▸ **Material for the task**
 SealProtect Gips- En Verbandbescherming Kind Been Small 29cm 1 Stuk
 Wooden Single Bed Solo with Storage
---
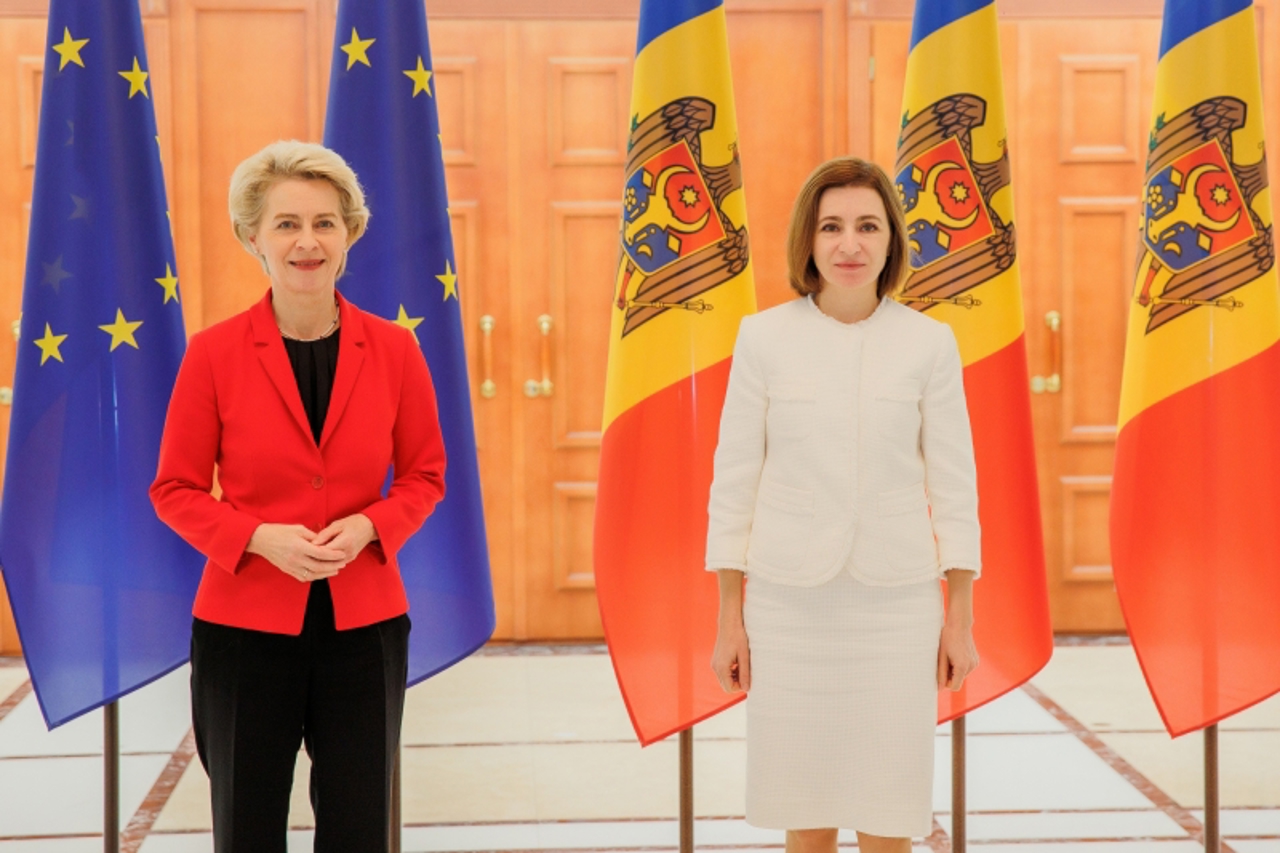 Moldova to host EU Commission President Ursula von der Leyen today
...
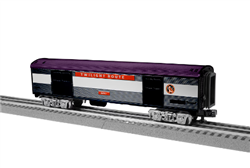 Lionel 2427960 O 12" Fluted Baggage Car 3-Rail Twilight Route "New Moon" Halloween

▸ **Task brief**
Within the material above, output exactly the lines from the one with "SealProtect Gips- En" through the one with "Wooden Single Bed Solo with Storage", end lines included, and nothing besides.

▸ **Your response**
 SealProtect Gips- En Verbandbescherming Kind Been Small 29cm 1 Stuk
 Wooden Single Bed Solo with Storage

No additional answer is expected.